Lo spettacolo si sofferma sulle realtà di oggi, come ad esempio la disuguaglianza provocata dalla miseria e dalla ricchezza.

«C'è una frase fondamentale che io dico nello spettacolo: i soldi non sono la cosa più importante, perché vi sono cose molte più importanti dei soldi, ma per averle ci vogliono un sacco di soldi. Se ricordo bene, la disse Groucho Marx».

È vero che per realizzare questo spettacolo ti sei ispirato al cabaret come si intendeva una volta?

«Esatto. Il cabaret è una cosa seria, è un teatro di sintesi. Il cabaret una volta era un teatro di satira sociale, di costume e letteraria. Una forma abbastanza colta di teatro però sintetico, con pochi attori e con una scenografia ridotta al minimo. Anche io in scena uso solo dei cappelli».

È stato scritto che sei l'ultimo “brillante” del teatro italiano, capace di rendere comico anche il tragico.

«Diaciamo che siamo rimasti in pochi a fare il teatro comico. Bisognsa essere credibili fino in fondo come personaggi, specialmente nella commedia».

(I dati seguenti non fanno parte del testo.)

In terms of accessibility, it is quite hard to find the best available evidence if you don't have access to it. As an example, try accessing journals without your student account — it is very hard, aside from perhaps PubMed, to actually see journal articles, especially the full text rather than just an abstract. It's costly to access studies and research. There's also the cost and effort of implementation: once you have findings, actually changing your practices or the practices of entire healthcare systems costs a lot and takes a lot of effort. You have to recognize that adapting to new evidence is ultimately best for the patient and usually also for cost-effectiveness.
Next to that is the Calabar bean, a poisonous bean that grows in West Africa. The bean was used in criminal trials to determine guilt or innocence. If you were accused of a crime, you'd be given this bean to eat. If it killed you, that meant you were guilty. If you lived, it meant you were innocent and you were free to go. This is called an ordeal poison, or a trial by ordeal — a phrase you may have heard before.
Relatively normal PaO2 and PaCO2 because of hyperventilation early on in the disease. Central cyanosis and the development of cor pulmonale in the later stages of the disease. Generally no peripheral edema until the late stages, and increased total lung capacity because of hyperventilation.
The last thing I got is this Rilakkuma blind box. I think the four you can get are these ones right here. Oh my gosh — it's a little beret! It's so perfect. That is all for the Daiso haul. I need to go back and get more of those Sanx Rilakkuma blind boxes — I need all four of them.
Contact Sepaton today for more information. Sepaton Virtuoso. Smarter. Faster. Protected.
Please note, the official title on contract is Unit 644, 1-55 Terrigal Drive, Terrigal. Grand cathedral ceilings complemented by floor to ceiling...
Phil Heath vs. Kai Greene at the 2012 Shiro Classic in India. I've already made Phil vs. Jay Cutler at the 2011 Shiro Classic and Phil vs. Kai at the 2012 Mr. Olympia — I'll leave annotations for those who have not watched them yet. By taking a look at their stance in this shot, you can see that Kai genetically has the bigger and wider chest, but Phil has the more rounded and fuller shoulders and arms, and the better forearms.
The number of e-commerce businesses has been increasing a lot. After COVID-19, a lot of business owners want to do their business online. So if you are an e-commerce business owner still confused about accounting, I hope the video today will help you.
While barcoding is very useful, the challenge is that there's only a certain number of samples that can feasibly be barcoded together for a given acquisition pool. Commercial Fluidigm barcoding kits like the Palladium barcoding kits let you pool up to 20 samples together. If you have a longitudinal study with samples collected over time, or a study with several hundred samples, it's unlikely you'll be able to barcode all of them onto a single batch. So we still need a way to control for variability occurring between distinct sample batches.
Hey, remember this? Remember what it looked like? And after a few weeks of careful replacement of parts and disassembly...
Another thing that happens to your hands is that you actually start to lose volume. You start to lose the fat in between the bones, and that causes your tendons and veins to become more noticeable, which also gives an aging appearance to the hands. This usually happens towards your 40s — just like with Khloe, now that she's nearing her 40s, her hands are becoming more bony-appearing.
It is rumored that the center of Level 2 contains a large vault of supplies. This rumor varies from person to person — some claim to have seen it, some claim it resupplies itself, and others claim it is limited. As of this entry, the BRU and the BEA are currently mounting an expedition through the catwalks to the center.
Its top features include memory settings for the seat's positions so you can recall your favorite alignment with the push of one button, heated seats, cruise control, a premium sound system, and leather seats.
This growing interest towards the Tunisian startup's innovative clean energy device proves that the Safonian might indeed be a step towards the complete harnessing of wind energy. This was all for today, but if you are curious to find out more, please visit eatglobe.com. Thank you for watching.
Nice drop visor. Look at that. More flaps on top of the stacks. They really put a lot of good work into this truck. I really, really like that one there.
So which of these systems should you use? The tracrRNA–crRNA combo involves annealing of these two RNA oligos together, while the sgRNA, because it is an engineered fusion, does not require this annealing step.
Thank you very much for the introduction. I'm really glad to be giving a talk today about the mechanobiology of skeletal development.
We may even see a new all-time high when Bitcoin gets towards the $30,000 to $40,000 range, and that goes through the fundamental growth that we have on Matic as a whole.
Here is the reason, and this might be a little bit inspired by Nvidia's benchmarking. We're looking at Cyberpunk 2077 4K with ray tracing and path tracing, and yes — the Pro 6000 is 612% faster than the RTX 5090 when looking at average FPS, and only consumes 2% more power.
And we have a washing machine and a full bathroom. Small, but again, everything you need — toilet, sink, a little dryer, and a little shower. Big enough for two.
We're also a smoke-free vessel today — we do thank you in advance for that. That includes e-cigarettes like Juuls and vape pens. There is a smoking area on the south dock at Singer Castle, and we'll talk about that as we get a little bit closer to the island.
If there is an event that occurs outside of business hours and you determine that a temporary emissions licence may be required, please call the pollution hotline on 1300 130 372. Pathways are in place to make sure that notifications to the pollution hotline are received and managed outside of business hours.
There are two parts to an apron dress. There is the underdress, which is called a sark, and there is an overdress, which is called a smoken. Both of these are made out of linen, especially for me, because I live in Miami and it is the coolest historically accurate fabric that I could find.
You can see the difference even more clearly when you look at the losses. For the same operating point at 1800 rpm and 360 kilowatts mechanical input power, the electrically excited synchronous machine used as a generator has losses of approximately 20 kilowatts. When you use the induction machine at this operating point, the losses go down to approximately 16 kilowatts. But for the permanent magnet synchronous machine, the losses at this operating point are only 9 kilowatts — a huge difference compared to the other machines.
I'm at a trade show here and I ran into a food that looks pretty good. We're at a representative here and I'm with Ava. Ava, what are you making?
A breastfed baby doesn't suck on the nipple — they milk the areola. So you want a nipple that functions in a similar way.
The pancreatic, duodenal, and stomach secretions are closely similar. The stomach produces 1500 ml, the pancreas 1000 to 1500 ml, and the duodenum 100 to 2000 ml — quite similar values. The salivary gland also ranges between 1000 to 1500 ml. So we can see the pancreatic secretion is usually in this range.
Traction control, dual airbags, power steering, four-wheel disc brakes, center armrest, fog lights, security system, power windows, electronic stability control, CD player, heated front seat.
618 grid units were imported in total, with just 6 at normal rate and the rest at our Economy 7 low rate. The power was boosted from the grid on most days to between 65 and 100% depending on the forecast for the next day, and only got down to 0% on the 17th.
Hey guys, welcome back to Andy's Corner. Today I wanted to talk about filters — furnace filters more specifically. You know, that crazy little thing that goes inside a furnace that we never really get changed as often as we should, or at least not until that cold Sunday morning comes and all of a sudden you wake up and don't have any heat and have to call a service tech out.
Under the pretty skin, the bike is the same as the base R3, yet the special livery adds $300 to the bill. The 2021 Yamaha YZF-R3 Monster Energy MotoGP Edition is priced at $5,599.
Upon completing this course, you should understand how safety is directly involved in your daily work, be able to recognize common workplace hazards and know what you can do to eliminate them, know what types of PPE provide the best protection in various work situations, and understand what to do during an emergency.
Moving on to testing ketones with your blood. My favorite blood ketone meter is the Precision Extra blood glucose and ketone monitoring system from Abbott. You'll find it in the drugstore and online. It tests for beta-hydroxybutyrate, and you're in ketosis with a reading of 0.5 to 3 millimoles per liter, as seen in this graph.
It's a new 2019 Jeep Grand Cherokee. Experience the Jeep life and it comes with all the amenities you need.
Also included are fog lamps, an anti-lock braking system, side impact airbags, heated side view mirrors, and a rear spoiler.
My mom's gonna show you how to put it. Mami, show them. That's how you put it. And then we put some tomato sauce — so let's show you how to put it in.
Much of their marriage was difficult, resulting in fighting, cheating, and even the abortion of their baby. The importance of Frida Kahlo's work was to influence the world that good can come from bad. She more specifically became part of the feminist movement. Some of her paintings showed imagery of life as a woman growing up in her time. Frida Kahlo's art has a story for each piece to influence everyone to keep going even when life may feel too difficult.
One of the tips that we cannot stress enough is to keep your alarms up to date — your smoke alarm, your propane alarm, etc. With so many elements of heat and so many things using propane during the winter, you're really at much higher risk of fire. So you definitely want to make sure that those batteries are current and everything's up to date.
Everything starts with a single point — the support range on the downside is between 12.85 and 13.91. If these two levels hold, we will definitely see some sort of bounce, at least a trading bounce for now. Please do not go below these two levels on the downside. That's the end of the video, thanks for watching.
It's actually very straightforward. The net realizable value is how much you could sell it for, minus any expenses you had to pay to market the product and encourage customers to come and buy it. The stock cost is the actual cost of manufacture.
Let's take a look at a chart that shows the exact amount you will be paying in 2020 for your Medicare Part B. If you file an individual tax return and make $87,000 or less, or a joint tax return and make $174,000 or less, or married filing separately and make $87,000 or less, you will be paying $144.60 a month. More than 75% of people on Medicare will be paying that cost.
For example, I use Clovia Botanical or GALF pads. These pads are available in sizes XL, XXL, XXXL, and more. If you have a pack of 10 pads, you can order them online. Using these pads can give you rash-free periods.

Hai fatto notare che oggi il mondo è dominato dal web, un mostro che è diventato il nostro padrone.

«Il web è una cosa bella che permette a tutti di dire delle cose. A volte però diventa un pericoloso. È un'arma al doppio taglio e bisogna stare attenti. Io lo uso poco».

Un tuo pensiero sul pubblico di Modena,

visto che vieni spesso al Michelangelo.

«È un pubblico caldo che sta a sentire, ha voglia di partecipare e di ridere. Chi viene a vedere lo spettacolo vuole soprattutto divertirsi. Ho questa piccola missione».